Every entry below should be reproduced exactly, with all pictures left out.

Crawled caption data
*** Block opens ***

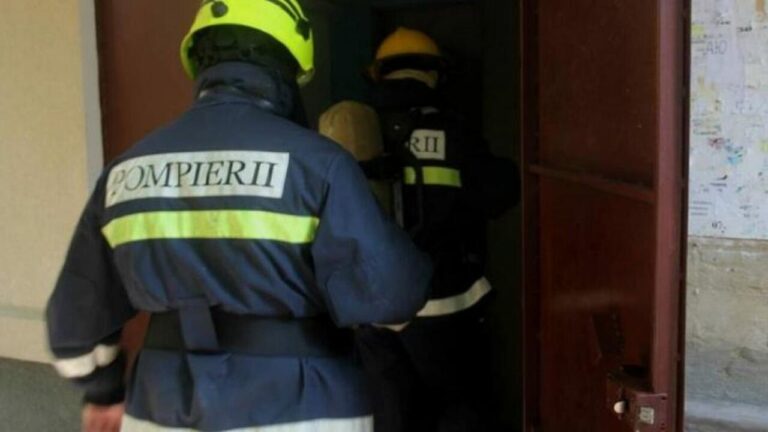 Incendiu într-un bloc din Chișinău: 16 persoane evacuate, inclusiv trei minori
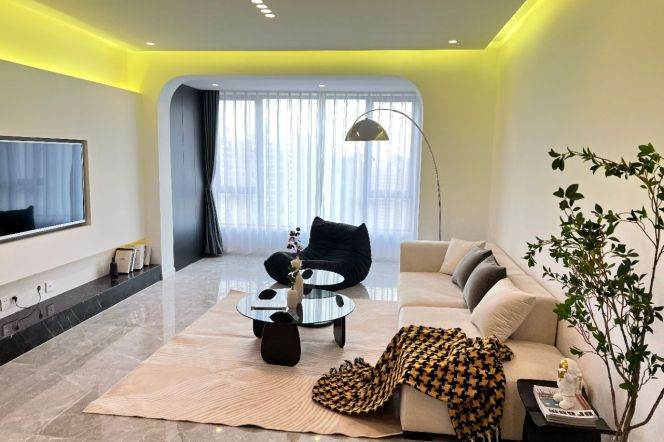 High-Floor 3BR Apartment in Laoximen (L8/L9/L10)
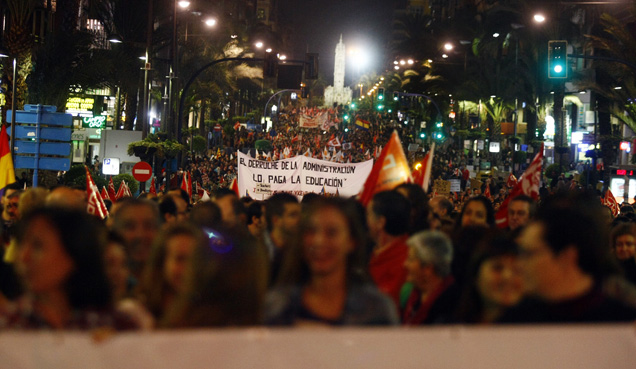 Los manifestantes, en Alfonso el Sabio, con la plaza de Luceros al fondo. | Manuel Lorenzo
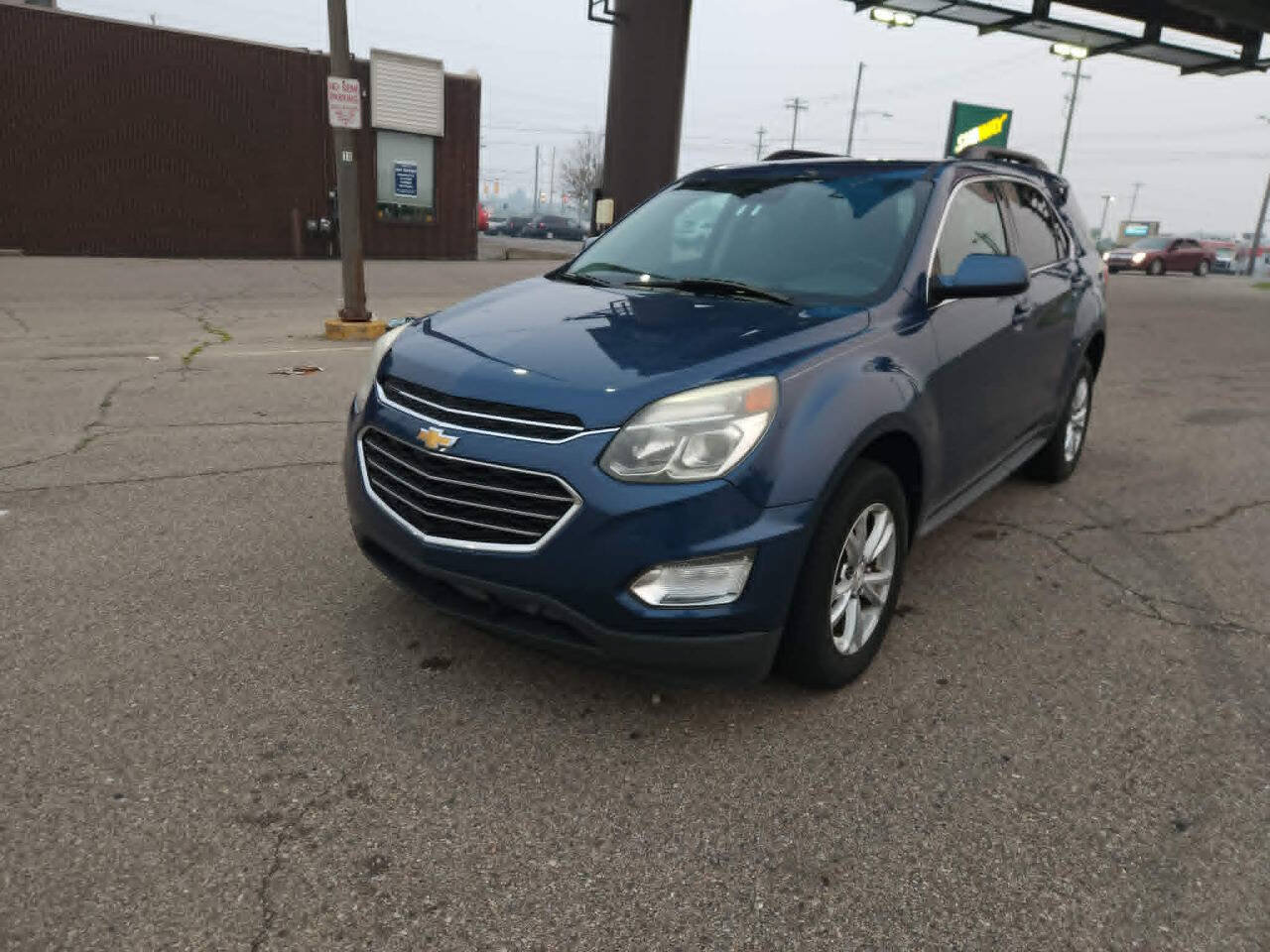 Used 2017 Chevrolet Equinox LT w/ Convenience Package AWD/4WD image 8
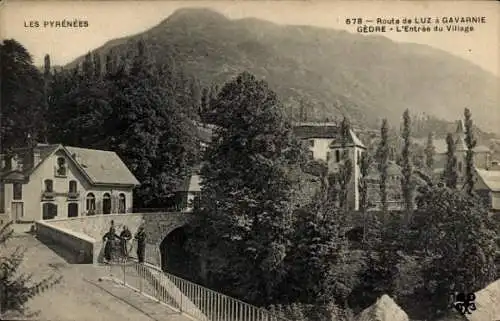 Ak Gèdre Gavarnie Hautes Pyrénées, Ortseingang, Straße Richtung Gavarnie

*** Block closes ***

**Exercise result**
 Incendiu într-un bloc din Chișinău: 16 persoane evacuate, inclusiv trei minori
 High-Floor 3BR Apartment in Laoximen (L8/L9/L10)
 Los manifestantes, en Alfonso el Sabio, con la plaza de Luceros al fondo. | Manuel Lorenzo
 Used 2017 Chevrolet Equinox LT w/ Convenience Package AWD/4WD image 8
 Ak Gèdre Gavarnie Hautes Pyrénées, Ortseingang, Straße Richtung Gavarnie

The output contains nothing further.